The final part of the build is to create a file called something like twitterbot.rb, and programme the bot. I’ve put the final code for the bot on Github so you can see it all together, but here are the major take-aways:

client = Twitter::REST::Client.new do |config|
	config.consumer_key			= 		'YOUR_KEY'
	config.consumer_secret			= 		'YOUR_SECRET'
	config.access_token			= 		'YOUR-KEY'
	config.access_token_secret		= 		'YOUR-SECRET'
end

This code block is where I put the API keys I generated earlier. It logs you into the Twitter API and lets you do everything else!

client.search( "%22is+it+me+or%22", result_type: "recent").take(1).each do |tweet|
	...
end

This code block tells @IsItMeBot to search Twitter for “is it me or” as an exact phrase (%22 are encoded double-quotes, and the + sign is the encoded space symbol), take the most recent tweet and then complete a specific set of commands.

client.update("@#{tweet.user.screen_name} #{itsyou}", in_reply_to_status_id: tweet.id)

In this case, @IsItMeBot sends a reply to the tweet it finds, @replies (@#{tweet.user.screen_name}) and adds a response chosen at random from an array (#{itsyou}).

Deploy the bot

Next, the bot has to be deployed.

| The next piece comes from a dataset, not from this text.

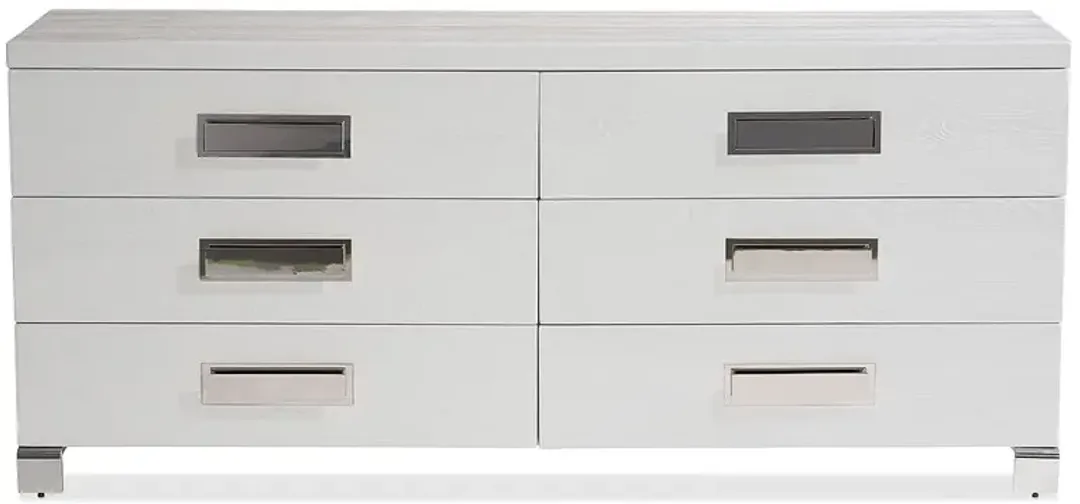 furniture5-466302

I did this through the terminal:

$ git add .

This adds all files in the directory to the git repository

$ git commit -am "a comment about what I did here"

This commits any changes to the code.

$ git push heroku master

This pushes the changes to Heroku and builds the app.

Running the bot

The bot is so simple it can’t run itself. To make sure it actually does some tweeting, you can do one of 2 things.

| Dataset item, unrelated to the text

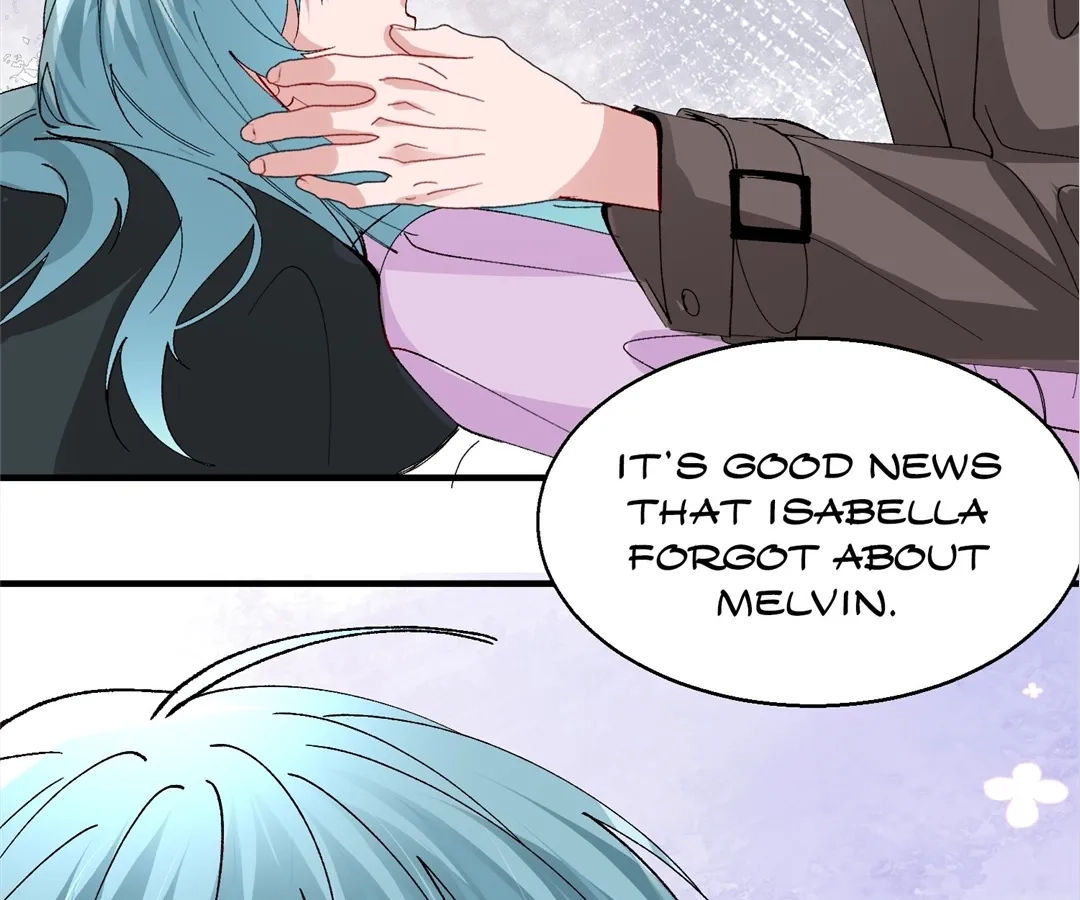 Water. Chapter 57 page 36 -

If you only want the bot to tweet when you tell it to, you can run the command heroku run ruby twitterbot.rb, and the bot will complete its commands and stop.

That’s useful for testing, but not so useful for leaving a fully functioning bot out there. If you want the bot to run itself, you need to schedule it. I added the “Heroku Scheduler” addon to the app on the Heroku website to achieve this. Now making my bot run is as simple as telling it to ruby twitterbot.rb every 10 mins, every hour or every day, depending on your appetite.

That’s it!

That’s all you need to create your own Twitterbot. You can find the full source files on Github.